For email, you could self-host if you're good with that sort of thing. But most people aren't, and even if they are, there's a good chance they won't be able to secure their server sufficiently, so email providers like ProtonMail or Tutanota represent a good compromise. I use and like ProtonMail myself, I am not affiliated with them aside from being a user. Both sites have a "freemium" business model and at least ProtonMail accepts Bitcoin (not sure about Tutanota) so you don't need to hand over your real-world details even if you decide to go for one of their premium options.
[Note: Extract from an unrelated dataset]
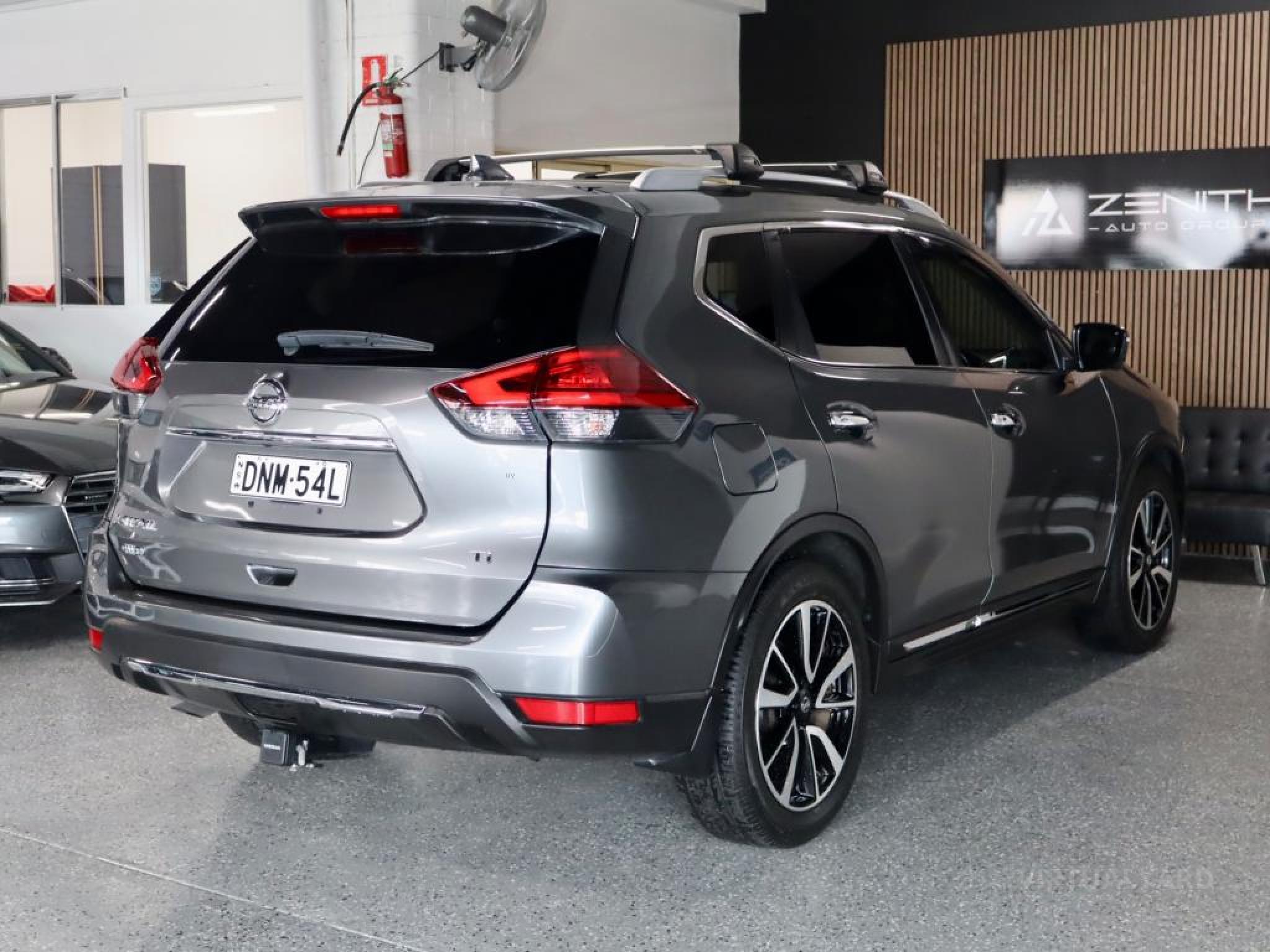 NISSAN X-TRAIL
When it comes to cellphone/SMS number security, all I really know about it is that it's abysmal. I use Google Fi personally because I think Google understands and cares about security more than any traditional telco (note: I work for Google, though my opinions very much don't reflect theirs). If you're really paranoid, you might consider whether you need to carry a powered-on cellphone everywhere with you at all. Pagers are still available, and they don't track your location, at the cost of being unencrypted. But back when pagers were popular, the use of codes in pager messages and voice mails left with human receptionists was very common (my favorite was "bread and milk" meaning to buy condoms). Despite the breathless articles about hacks on cellphones, they generally don't do anything when they're powered off, so one could always carry a powered-off, pre-paid feature phone to respond to pages on their refurbished retro pager.

If you insist on a smartphone, I'm sad to say that Apple beats Google on privacy and security for the average consumer, because their business model is not based on surveillance. I personally don't like Apple's closed ecosystem because I am a fan of open source software, but I also know enough to avoid shady apps, and I understand what Android's permissions mean. Whether you go with iOS or Android, you need to make sure your phone is getting regular updates. The best way to do that with Android is to buy a phone that runs an unadulterated version of the OS like a Pixel, since modifications by a carrier or hardware vendor just add delays to updates. With an iPhone, just make sure your phone is less than 2-3 years old and install updates as soon as you get them.

Speaking of smartphones, standalone GPS navigators still exist and don't report your location. Many of them also have the ability to play MP3s from SD cards if you're able to give up Spotify and get really old school.

When it comes to cloud storage of files, you can either self-host (I run NextCloud on a server in my house), or use a storage provider or third-party software that supports end-to-end encryption. Apple's iPhone and iCloud win this one hands down for the average consumer nowadays, with MEGA as a close runner up if you prefer something more open. If you do feel confident self-hosting something like NextCloud, you also get fancy stuff like a built-in RSS reader, webmail client, ebook library, integration with Google Docs-like self-hosted services, and all kinds of other apps. Please let me know in the comments if you'd like me to do a full post on self-hosting!

Oh, and in case you don't know what I mean by "end-to-end encryption", that means that the encryption is done on the end-user's device, with the keys never entering the hands of a third party. iPhone/iCloud qualifies even though Apple technically has the keys, because Apple has implemented a clever mechanism that ensures that only the end user can get at the backed up key.